» Problem to work on:
What is needed is an exact transcription of the line containing "Figure Dragon Ball" and every line after it through the end of the entries below, with no pictures.
:: Supplied entries
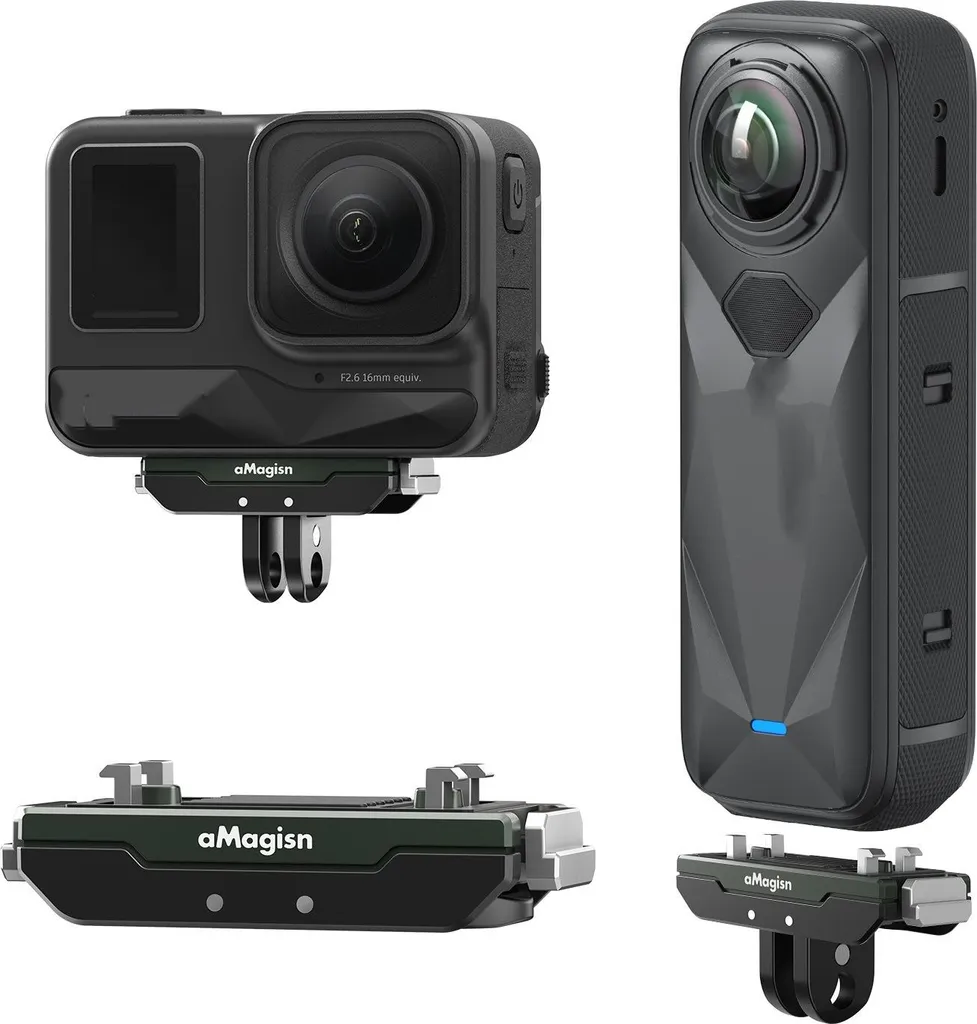 Support Métal Robuste à Libération Rapide Compatible Insta360 X5 - 6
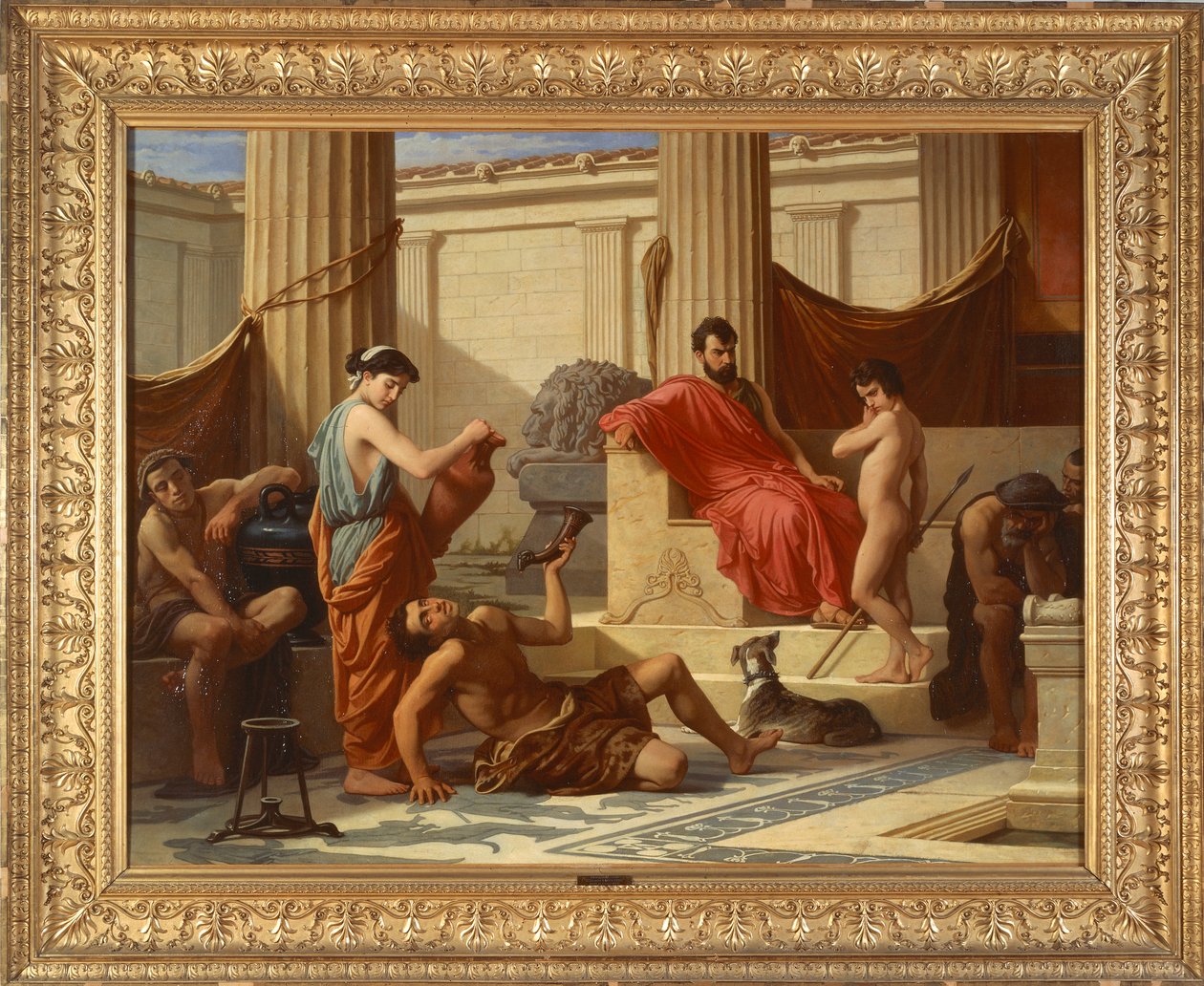 Educação em Esparta de Luigi Mussini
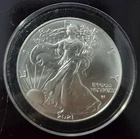 2021 1 oz American Silver Eagle Coin (BU, Type 2)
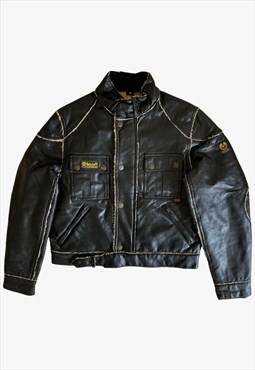 Vintage Women's Belstaff Faux Leather Utility Jacket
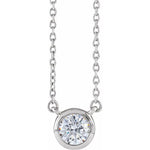 Load image into Gallery viewer, 14K Yellow Gold Vermeil 1/2 CTW Lab-Grown Diamond Adjustable 16-18" Necklace
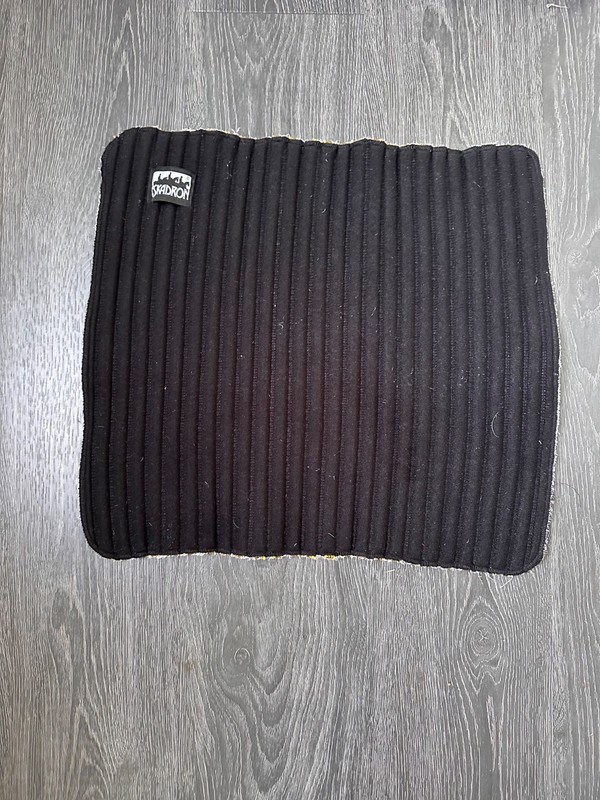 Eskadron Climatex Bandage Linings Pair 45x45 cm Horse Leg Wrap Pads Black Used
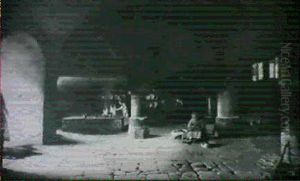 An Interior Genre Scene by Alois Josef Benedicter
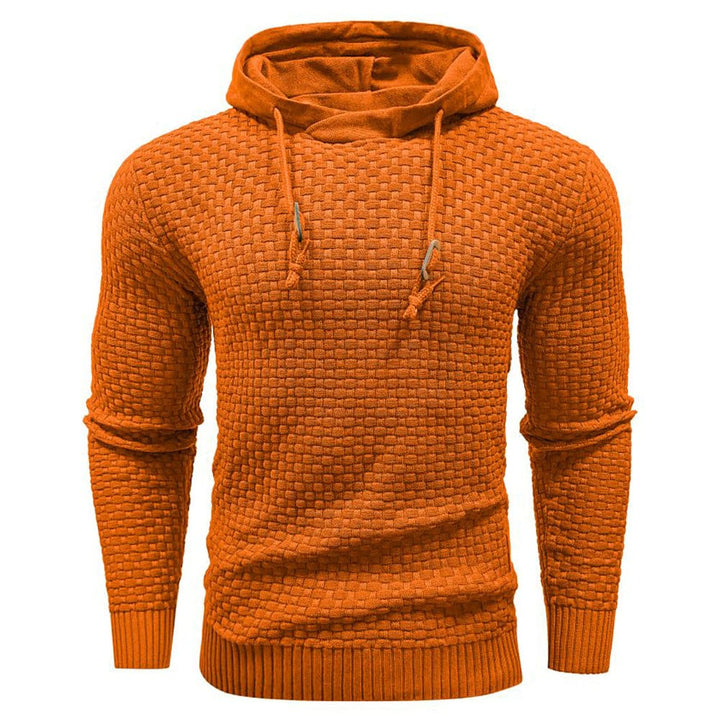 SWEAT À CAPUCHE CLASSIQUE EN LAINE POUR HOMME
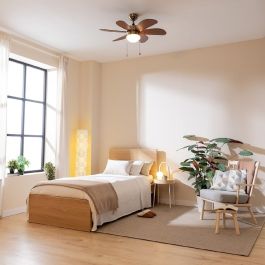 Ventilador de Techo con Luz Cecotec EnergySilence Aero 365 Dorado Madera 50 W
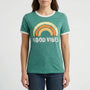 Lockeres Damen-Shirt Mit Regenbogenmotiv - Debbie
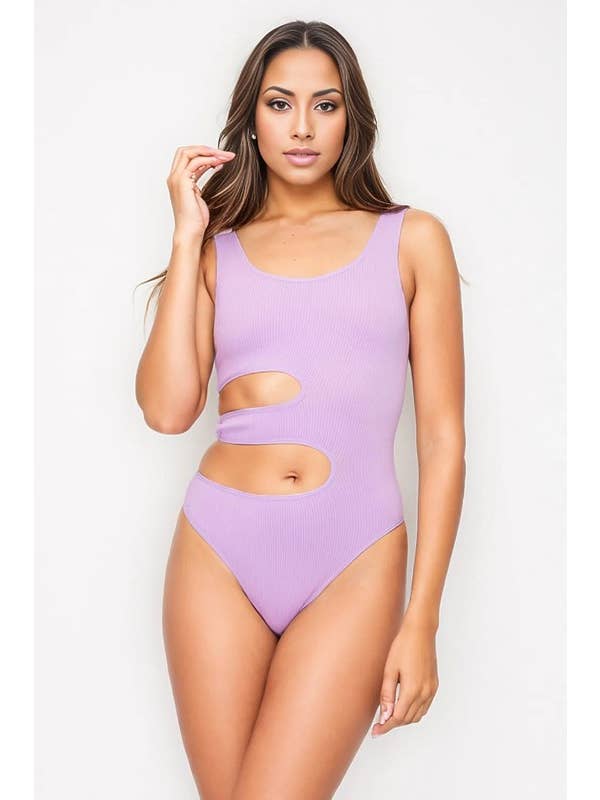 5besties inc – wholesale Bodysuit – Women’s – Seamless Cutout Bodysuit3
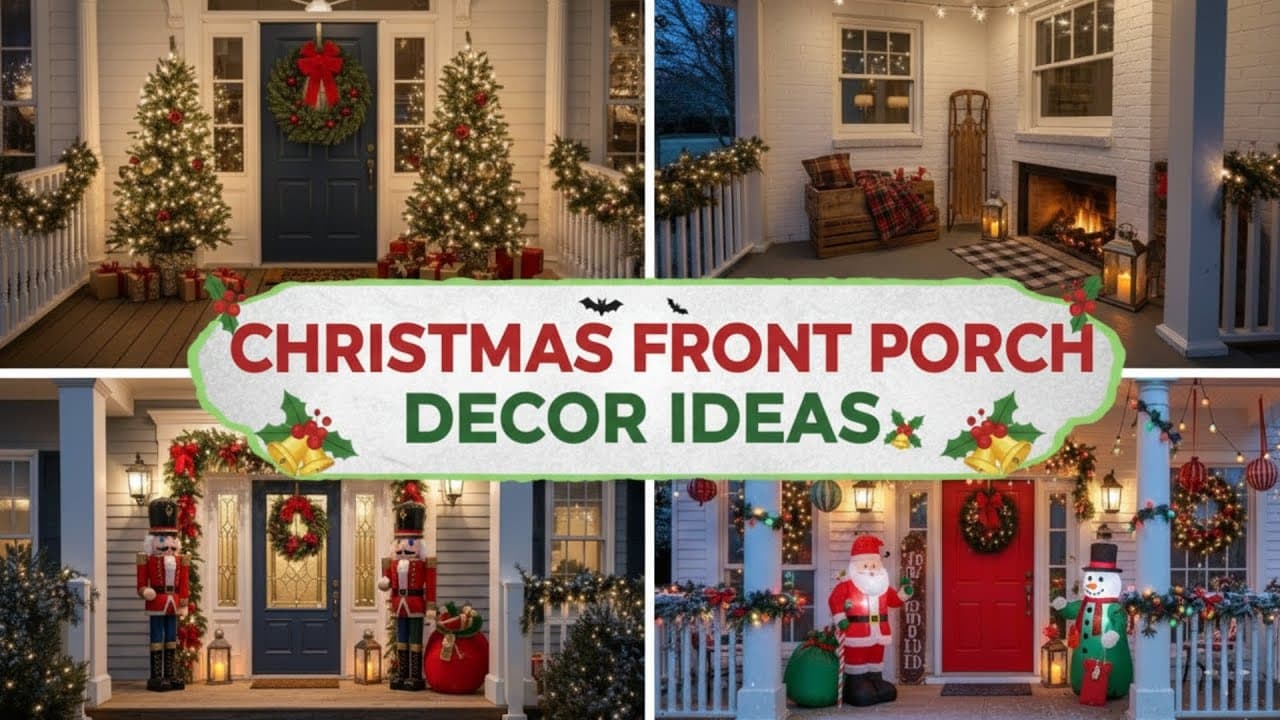 Christmas Front Porch Decor Ideas to Wow Every Guest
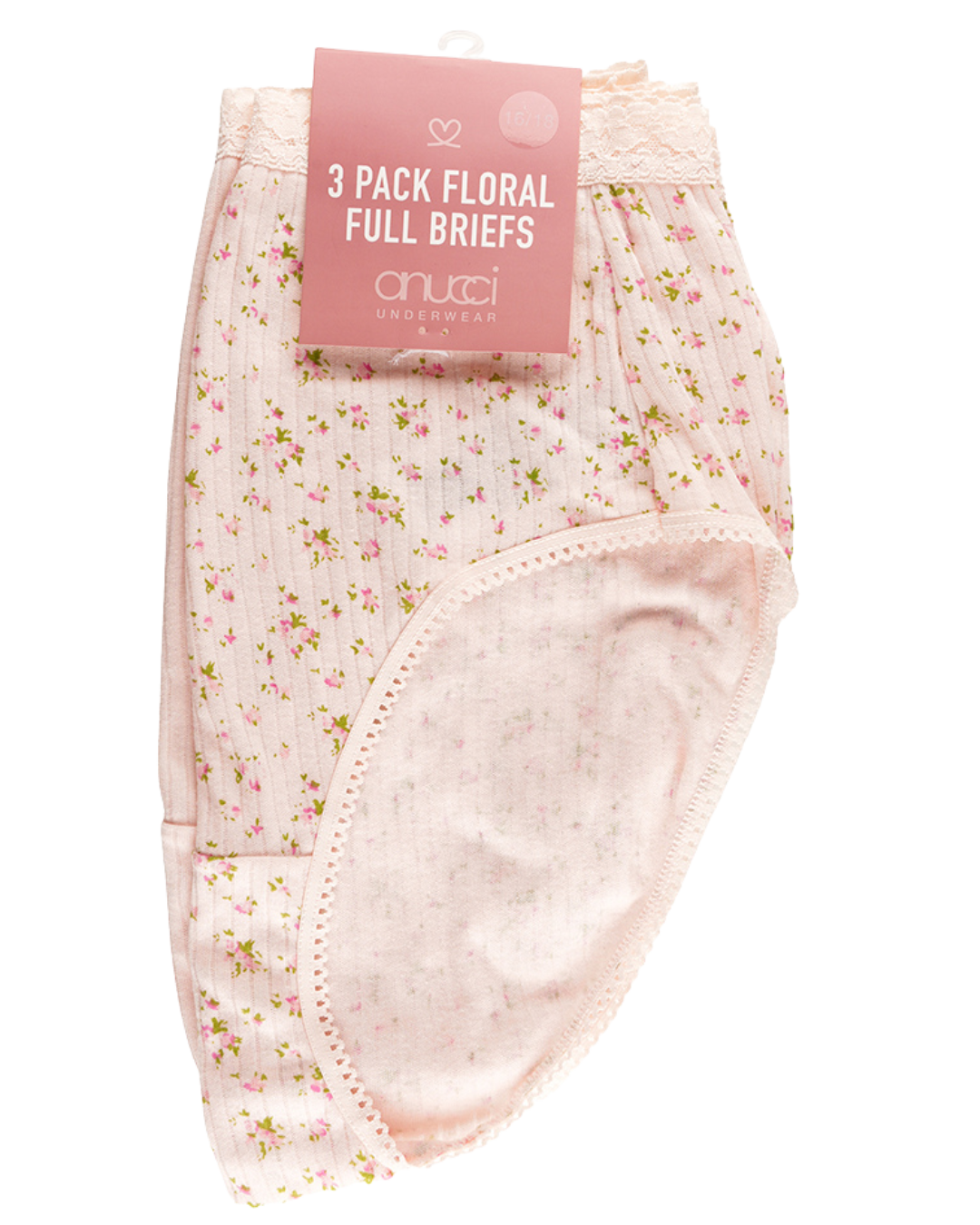 Womens 3 Pack Full Brief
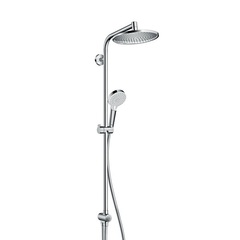 Hansgrohe Crometta S 27270000 Душевая система внешнего монтажа 120,8 см с верхней лейкой 24х24 см фото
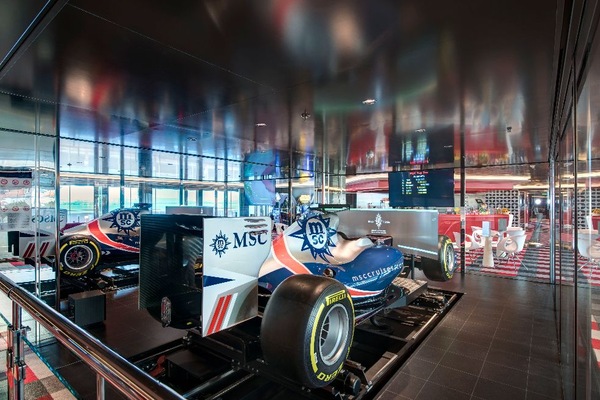 Simulateur de Formule 1 MSC Grandiosa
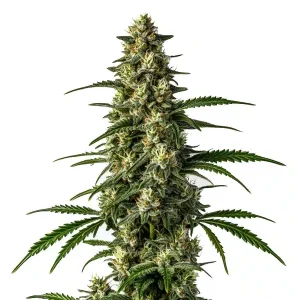 Detalle de la flor de Mamba Negra Fast Blooming, variedad de cannabis de Blimburn Seeds.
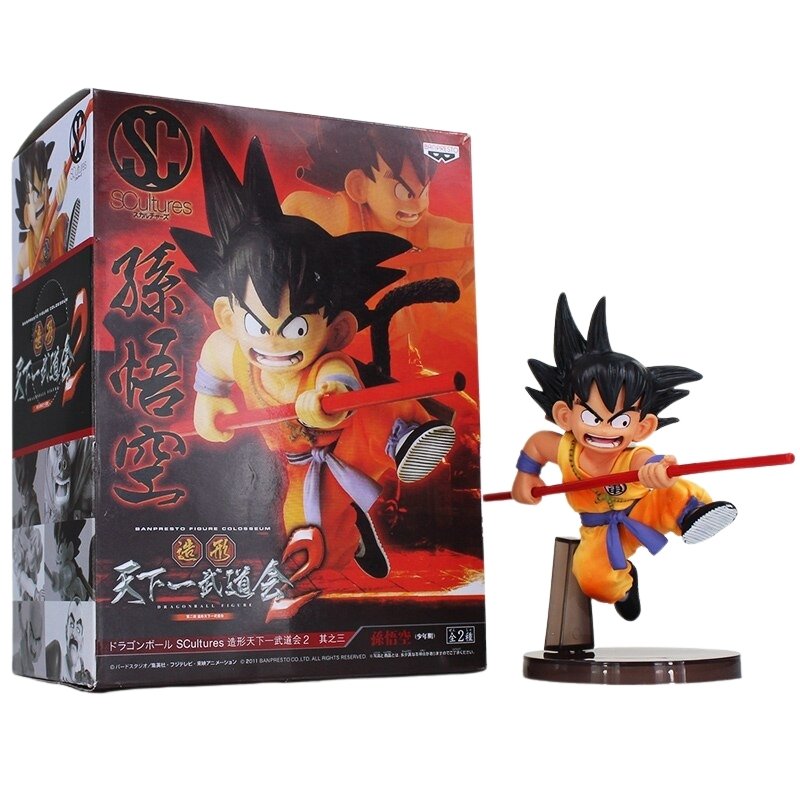 Figure Dragon Ball Goku Criança Dragon Ball Collection Novo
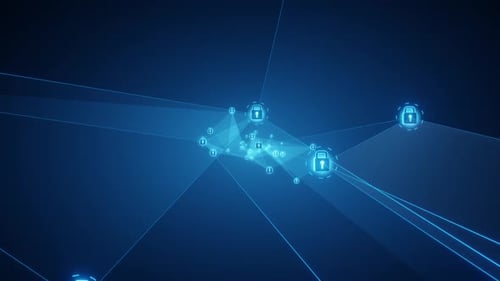 Illustration du réseau de cybersécurité numérique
::::
» The answer:
 Figure Dragon Ball Goku Criança Dragon Ball Collection Novo
 Illustration du réseau de cybersécurité numérique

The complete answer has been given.